- **Activity**
Extract verbatim every line from the one containing "Plan d'aménagement de Valence" to the final line of the records below, inclusive, and exclude all pictures.

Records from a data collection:

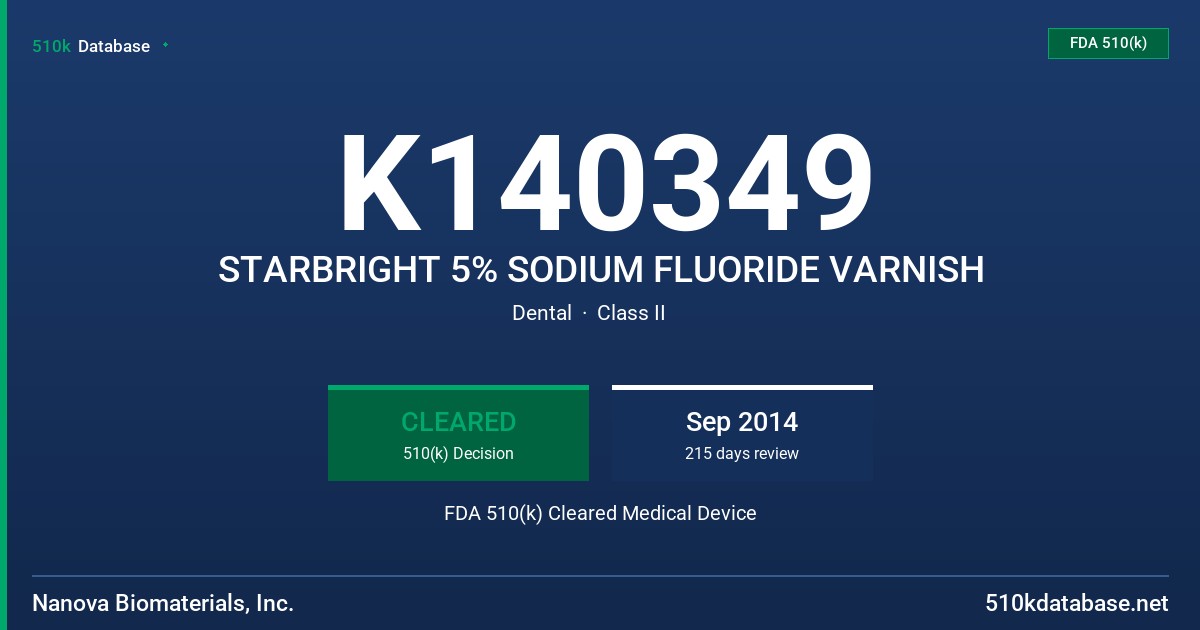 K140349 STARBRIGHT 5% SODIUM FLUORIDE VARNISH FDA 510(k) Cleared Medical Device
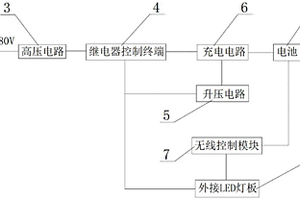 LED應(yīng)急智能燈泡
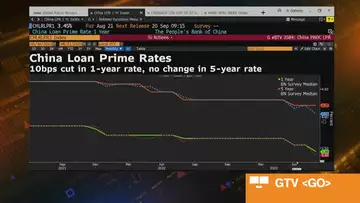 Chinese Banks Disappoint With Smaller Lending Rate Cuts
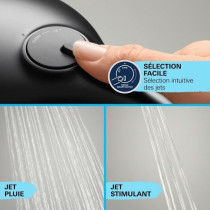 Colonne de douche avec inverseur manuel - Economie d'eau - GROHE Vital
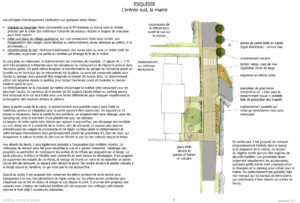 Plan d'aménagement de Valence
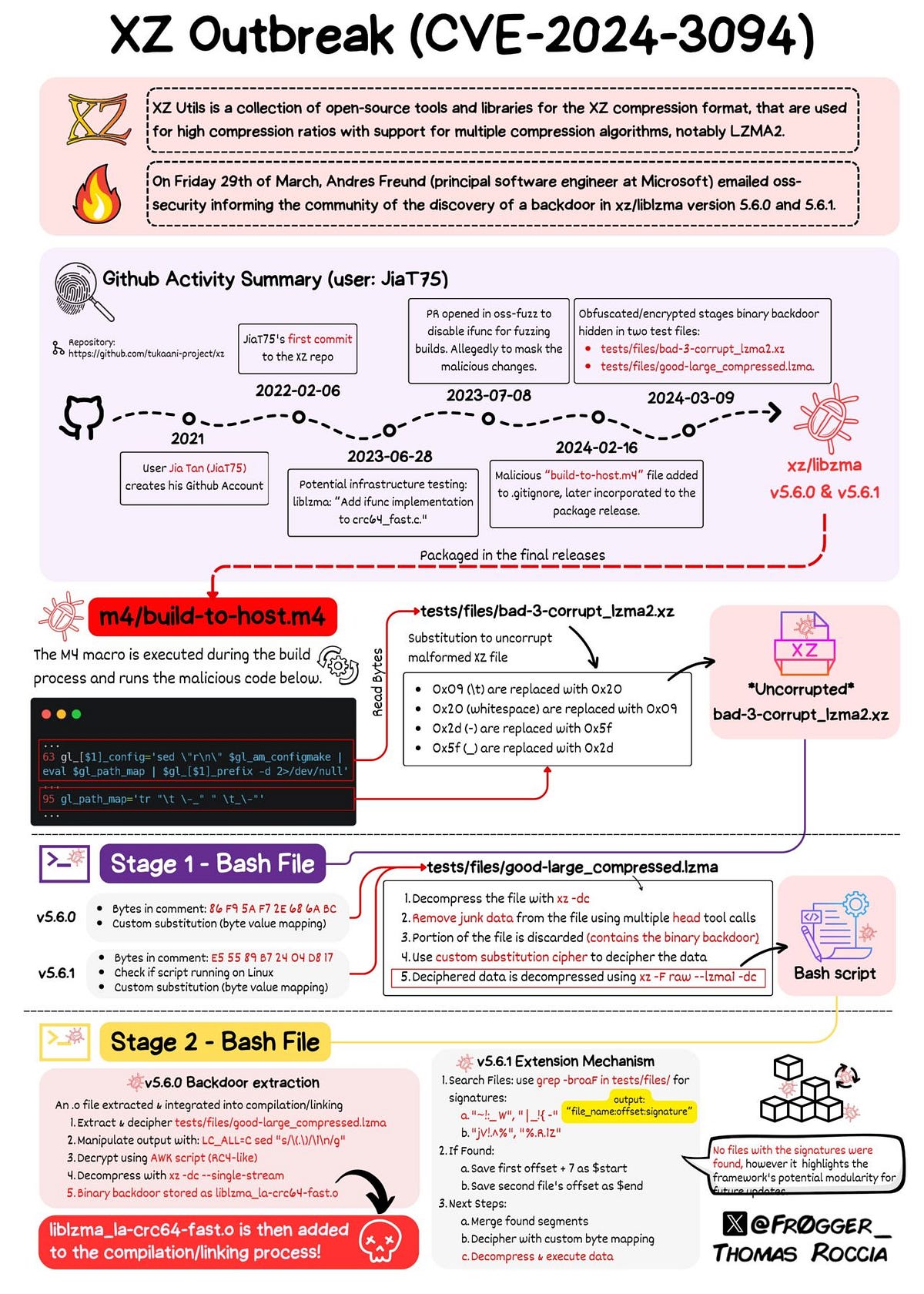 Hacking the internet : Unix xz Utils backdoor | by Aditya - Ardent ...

- **Solution to this exercise**
 Plan d'aménagement de Valence
 Hacking the internet : Unix xz Utils backdoor | by Aditya - Ardent ...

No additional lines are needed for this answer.